I heard about “Beatlebone” on a RTE (Radio Telefis Eireann) radio review of the best Irish books of 2015. It was rated in the top 10 of the year. The story sounded intriguing: a fictional recreation of John Lennon’s visit to my father’s home county of Mayo, in the west of Ireland. Lennon actually did buy a tiny island, Dorinish, off the coast of Mayo in 1967 for less than 1700 pounds. He only visited it once, but encouraged the “King of the Hippies”, Sid Rawle to establish a commune there in 1970.
In “Beatlebone”, Lennon is desperate to get to Dorinish for three days of solitude, to try to regain his sanity. In the process, he is driven around by a darkly weird Irish driver, Cornelius, who seems intent on delaying more than assisting Lennon. There are interludes in strange country pubs, in Cornelius’s house, at an Achill island hotel, the Amethyst, which is inhabited by three even weirder inhabitants and in a London recording studio, where Lennon is trying to record a new, experimental album.

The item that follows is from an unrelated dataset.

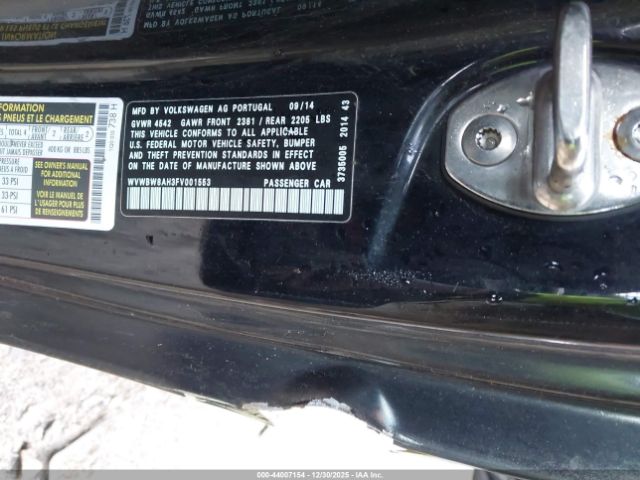 2015 VOLKSWAGEN EOS WVWBW8AH3FV001553 Photo 8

During the journey, Lennon delves into his childhood, the loss of his parents, his time in an orphanage and his teenage sexual encounters. We learn about ‘scream therapy’ and ‘ranting’. Perhaps the most amusing interlude is his ‘ranting’ session with the inhabitants of the abandoned Amethyst Hotel.
Barry seems to have been influenced by my favourite Irish comic author, Flann O’Brien (I once lived in the basement of the house in Blackrock where Flann had lived), in particular by the brilliant “The Third Policeman” – the driver, Cornelius would fit well alongside the third policeman himself. But for me, Barry does not achieve the construction of a dark, bizarrely humorous world as convincingly as Flann did. The idioms used, both Liverpudlian and Irish don’t always ring true. The characters are not as well drawn. The story is not as funny. Clearly Barry is also channelling James Joyce with lengthy ‘stream of consciousness’ passages.
In the very middle of the book, Barry inserts a chapter of commentary about his own trip to Mayo, which gave him the idea for the book. On coming to this chapter, I thought I’d reached the end of the book, and that this was an author’s endnote. Why he chose to put it in the middle of the book I have no idea. Didn’t work for me.
‘Beatlebone’ held my attention until about halfway through and then I became impatient. Perhaps the mid-book author’s note was disruptive, or perhaps it’s just not that really interesting or well told a story.